11. Fights with you are very strange
Because firstly, you have grown up seeing that there always is an easier solution. You are often the root of the fight, but even when you aren’t responsible, you are the one who blames themselves for the fight. More often than not, you are the one feeling terrible and left out. However, you do try to mend things harder than an average person.
12. You equate insanity with love
This is again because of your parents’ relationship with each other. You think love drives people to do things they might regret later. It is because ironically you acknowledge the strength that love can exert on people’s minds. It is very easy to drift off in love and do things that are unnecessary and even harmful. The passions of love are also the subject of dark treatment, for example: Browning’s Porphyria’s Lover deals with similar emotion – how easily love can turn into obsession and murderous psychosis.
13. Expectations
You find solace in love. One can even say, you find your life in love. You expect a lot from relationships. On the flip side, this also forecloses any possibility of flings/short term things as well. When you are in, you are really all in.

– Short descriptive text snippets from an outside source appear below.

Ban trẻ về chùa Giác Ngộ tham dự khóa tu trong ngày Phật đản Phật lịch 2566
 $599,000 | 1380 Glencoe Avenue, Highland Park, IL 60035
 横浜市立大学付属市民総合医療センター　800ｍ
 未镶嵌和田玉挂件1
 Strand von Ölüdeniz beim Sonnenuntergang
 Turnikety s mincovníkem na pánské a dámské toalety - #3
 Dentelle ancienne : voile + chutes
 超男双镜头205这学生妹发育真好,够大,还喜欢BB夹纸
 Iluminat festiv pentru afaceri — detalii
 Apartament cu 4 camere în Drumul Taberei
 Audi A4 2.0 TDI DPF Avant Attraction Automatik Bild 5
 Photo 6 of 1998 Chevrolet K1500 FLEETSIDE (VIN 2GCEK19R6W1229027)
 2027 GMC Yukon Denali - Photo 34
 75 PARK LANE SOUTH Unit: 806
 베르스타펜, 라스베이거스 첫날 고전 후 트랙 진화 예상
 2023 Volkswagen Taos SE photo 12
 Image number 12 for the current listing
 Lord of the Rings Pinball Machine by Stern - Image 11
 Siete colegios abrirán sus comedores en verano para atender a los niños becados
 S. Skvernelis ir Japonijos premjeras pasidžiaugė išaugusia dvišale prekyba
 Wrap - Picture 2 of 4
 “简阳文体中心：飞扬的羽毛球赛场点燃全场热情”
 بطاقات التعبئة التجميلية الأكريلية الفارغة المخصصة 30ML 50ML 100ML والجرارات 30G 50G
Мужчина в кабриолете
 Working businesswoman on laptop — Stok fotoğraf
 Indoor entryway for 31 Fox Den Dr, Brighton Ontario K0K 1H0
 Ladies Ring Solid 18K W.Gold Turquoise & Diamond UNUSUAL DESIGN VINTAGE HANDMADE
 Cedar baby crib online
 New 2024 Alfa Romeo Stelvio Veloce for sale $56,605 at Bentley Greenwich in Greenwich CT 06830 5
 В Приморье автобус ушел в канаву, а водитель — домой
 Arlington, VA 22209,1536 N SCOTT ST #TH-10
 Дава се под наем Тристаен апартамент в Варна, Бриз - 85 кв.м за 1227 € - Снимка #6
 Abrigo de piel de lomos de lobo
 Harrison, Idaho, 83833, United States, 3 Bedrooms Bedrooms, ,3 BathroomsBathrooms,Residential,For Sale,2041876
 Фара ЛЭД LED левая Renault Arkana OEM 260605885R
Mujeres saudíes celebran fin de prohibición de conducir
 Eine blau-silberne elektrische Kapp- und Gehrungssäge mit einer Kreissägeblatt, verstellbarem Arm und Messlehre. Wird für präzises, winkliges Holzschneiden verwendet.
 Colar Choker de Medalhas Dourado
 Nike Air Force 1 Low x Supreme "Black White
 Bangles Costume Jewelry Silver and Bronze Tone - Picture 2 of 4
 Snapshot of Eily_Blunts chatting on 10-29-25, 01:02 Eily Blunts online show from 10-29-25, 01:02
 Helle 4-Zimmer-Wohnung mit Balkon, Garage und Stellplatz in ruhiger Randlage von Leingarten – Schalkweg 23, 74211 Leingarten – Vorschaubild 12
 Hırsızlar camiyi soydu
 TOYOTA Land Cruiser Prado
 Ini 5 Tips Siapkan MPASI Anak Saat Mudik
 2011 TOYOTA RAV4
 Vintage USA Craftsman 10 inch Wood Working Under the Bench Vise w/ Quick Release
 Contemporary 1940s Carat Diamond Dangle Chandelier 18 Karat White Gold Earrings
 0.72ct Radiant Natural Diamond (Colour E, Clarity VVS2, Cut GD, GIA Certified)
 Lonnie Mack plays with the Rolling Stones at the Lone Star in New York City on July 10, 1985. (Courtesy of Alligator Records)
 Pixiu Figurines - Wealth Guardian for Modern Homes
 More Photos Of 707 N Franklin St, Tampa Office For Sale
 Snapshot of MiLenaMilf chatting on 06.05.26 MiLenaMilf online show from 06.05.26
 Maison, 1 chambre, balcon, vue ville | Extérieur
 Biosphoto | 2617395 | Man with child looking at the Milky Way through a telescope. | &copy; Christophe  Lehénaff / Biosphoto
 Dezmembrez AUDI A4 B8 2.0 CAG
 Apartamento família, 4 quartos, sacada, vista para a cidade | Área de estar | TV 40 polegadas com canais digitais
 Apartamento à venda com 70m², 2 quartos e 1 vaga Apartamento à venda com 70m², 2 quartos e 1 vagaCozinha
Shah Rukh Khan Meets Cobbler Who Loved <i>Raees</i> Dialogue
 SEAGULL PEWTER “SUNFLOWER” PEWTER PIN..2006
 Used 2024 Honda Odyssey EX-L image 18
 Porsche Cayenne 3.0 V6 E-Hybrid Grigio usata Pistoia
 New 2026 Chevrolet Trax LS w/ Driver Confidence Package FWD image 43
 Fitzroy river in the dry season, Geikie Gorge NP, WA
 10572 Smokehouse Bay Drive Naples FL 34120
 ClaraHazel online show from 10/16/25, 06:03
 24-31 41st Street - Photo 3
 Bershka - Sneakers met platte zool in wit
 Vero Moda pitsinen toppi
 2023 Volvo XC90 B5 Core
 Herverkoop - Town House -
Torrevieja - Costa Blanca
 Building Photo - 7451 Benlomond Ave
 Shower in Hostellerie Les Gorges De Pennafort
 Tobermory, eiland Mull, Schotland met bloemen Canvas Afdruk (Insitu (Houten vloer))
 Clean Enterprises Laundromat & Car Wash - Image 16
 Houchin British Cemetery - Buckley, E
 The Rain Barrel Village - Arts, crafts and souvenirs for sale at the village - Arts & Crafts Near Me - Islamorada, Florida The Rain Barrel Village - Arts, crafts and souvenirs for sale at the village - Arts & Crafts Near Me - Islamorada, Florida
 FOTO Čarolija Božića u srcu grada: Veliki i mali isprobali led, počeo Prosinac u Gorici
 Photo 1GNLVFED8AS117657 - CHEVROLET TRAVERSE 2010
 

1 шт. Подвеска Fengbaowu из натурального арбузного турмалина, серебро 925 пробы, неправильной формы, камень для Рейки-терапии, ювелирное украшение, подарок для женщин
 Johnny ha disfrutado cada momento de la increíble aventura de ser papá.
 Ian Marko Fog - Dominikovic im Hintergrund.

14. Things change with you when the novelty ends
After a couple of months, when the so called honeymoon phase is done with, you start noticing small changes and incompatibilities between you and your partner. But then you feel guilty about doing so in the first place and reprimand yourself for it.
15. You forgive in a jiffy
You sometimes forget why you even fought or separated with your partner. But more often than not it’s too late by then. If it was their fault, you end up forgiving them and find reasons to blame yourself for the separation. You yearn for them despite being faultless.
16. Making the move
No matter how deep your love for someone is, you will never be the first to speak out. You will always keep stalling it. I have known people who get drunk to ask their crush out and probably with you it’s the same. Unless there is some serious compulsion, you will never make the move.
In conclusion, it is of the essence that you stop blaming yourself. No relationships are same.
With some diligence and a pinch of dedication, your love might just succeed where your parents’ failed.